From the FDA Drug Label
In the double-blind, placebo-controlled trials in patients with advanced-stage Parkinson’s disease, the most commonly observed adverse reactions in patients treated with ropinirole (incidence at least 5% greater than placebo) were dyskinesia, somnolence, nausea, dizziness, confusion, hallucinations, increased sweating, and headache Table 4 lists treatment-emergent adverse reactions that occurred in at least 2% of patients with advanced Parkinson’s disease (with L-dopa) treated with ropinirole who participated in the double-blind, placebo-controlled trials and were numerically more common than the incidence for placebo-treated patients. In these trials, either ropinirole or placebo was used as an adjunct to L-dopa.

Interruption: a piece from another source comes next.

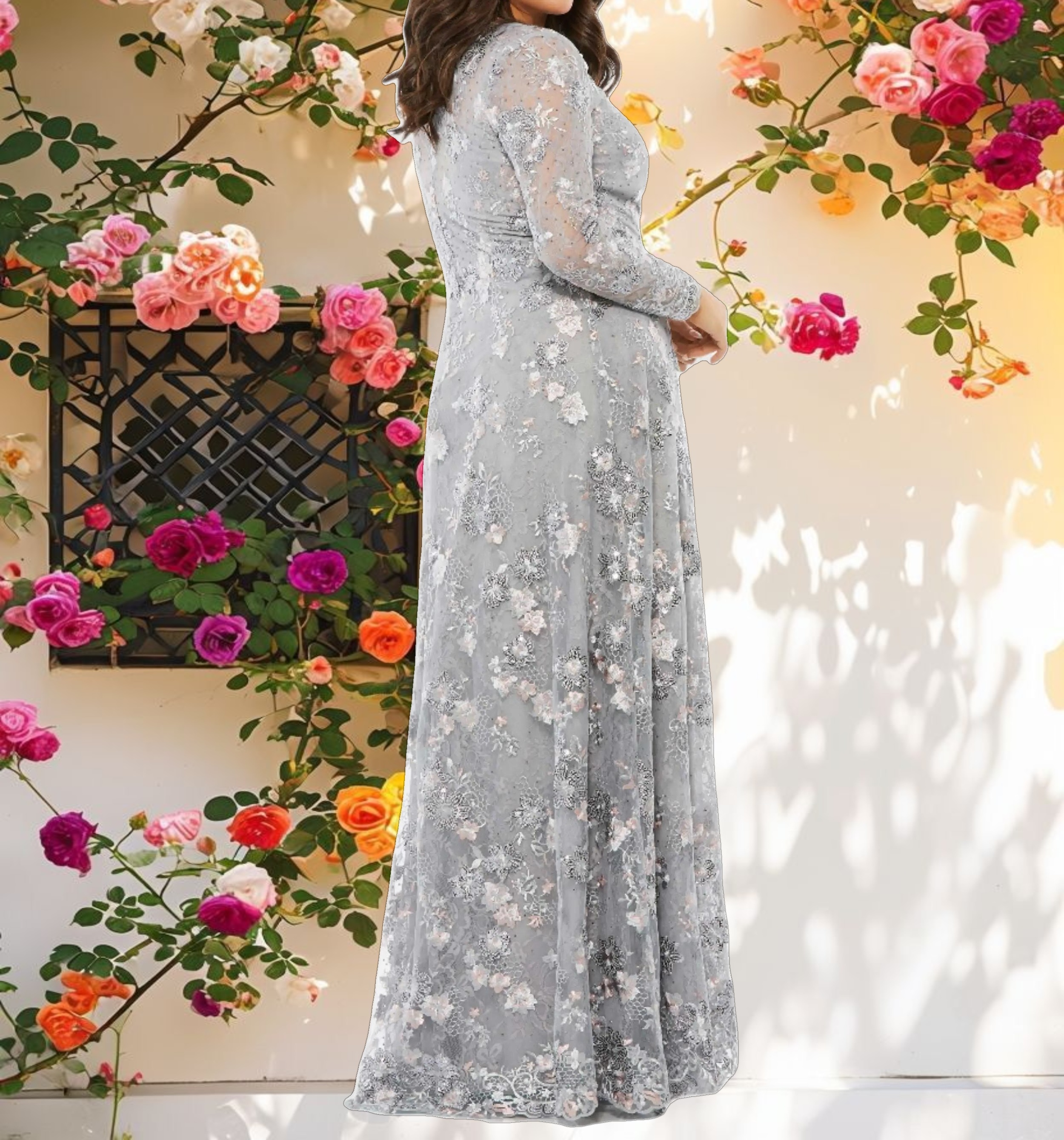 Stitched Fantasy Long Sleeve A Line Dress (Plus)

Advanced Parkinson's Disease In the four double-blind, placebo-controlled trials of patients with advanced Parkinson's disease, the most commonly observed adverse events (>5%) that were numerically more frequent in the group treated with pramipexole dihydrochloride tablets and concomitant levodopa were postural (orthostatic) hypotension, dyskinesia, extrapyramidal syndrome, insomnia, dizziness, hallucinations, accidental injury, dream abnormalities, confusion, constipation, asthenia, somnolence, dystonia, gait abnormality, hypertonia, dry mouth, amnesia, and urinary frequency
The best add-on treatment for resistant tremors in patients already on carbidopa (L-Dopa) is ropinirole or pramipexole, as both have been shown to be effective in reducing symptoms of advanced Parkinson's disease, including tremors, when used as an adjunct to L-dopa 2 3.

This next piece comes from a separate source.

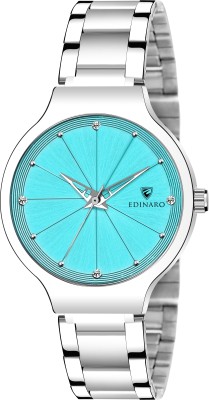 EDINARO ED-2053W Stone Studded Formal Green Dial with Silver Metallic Bracelet Chain Strap Analog Watch  - For Women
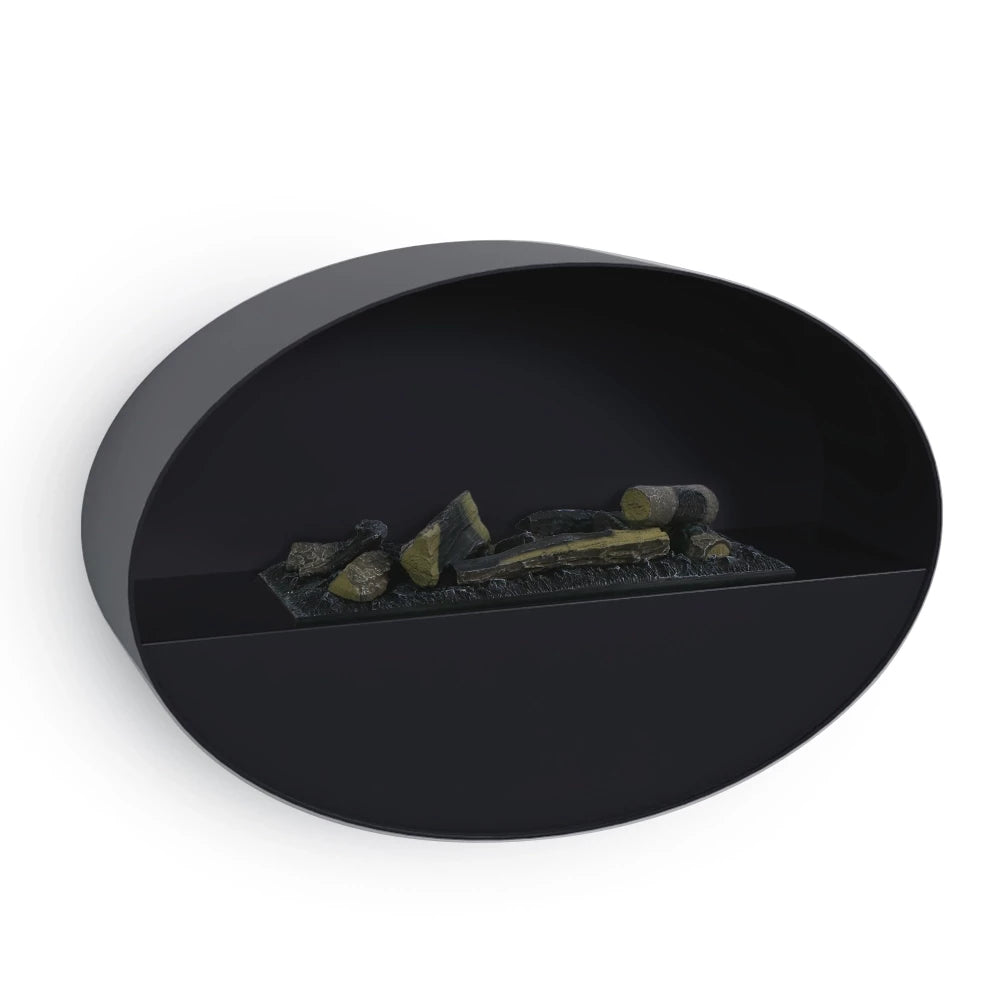 Kjos Wall-Mounted Water Vapour Fireplace - Black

- Key benefits of these treatments include:
- Reduced tremor severity
- Improved motor function
- Enhanced quality of life
- Common adverse reactions associated with these treatments include:
- Nausea
- Somnolence
- Dizziness
- Confusion
- Hallucinations
From the Research
Add-on Treatment Options for Resistant Tremors with Carbidopa
- The most effective add-on treatment for resistant tremors in patients already on carbidopa (L-Dopa) is a dopamine agonist, such as pramipexole 4.
- Pramipexole has been shown to be significantly superior to placebo in reducing tremor scores, with a mean absolute change in tremor score of -4.4 (95% CI -6.2 to -2.5) (p<0.0001) 4.
- Other dopamine agonists, such as cabergoline, may also be effective as add-on treatments for resistant tremors 5.
- The combination of two different dopamine agonists, such as cabergoline and pramipexole or ropinirole, may be used in the symptomatic treatment of patients with Parkinson's disease receiving therapy with or without levodopa 5.
- Anticholinergics, such as trihexiphenidyl, may also be effective in reducing parkinsonian tremor, but may not be as effective as dopamine agonists 6.
Key Findings
- Pramipexole is an effective agent for patients with Parkinson's disease and drug-resistant tremor, with a significant reduction in tremor scores compared to placebo 4.
- The treatment effects of pramipexole increase during dose titration and remain stable during the maintenance dose period 4.
- Dopamine agonists, such as pramipexole, are particularly well-suited for patients with newly diagnosed tremor-predominant disease and no cognitive impairment, but are also useful in advanced patients with tremor that is refractory to levodopa and anticholinergics 7.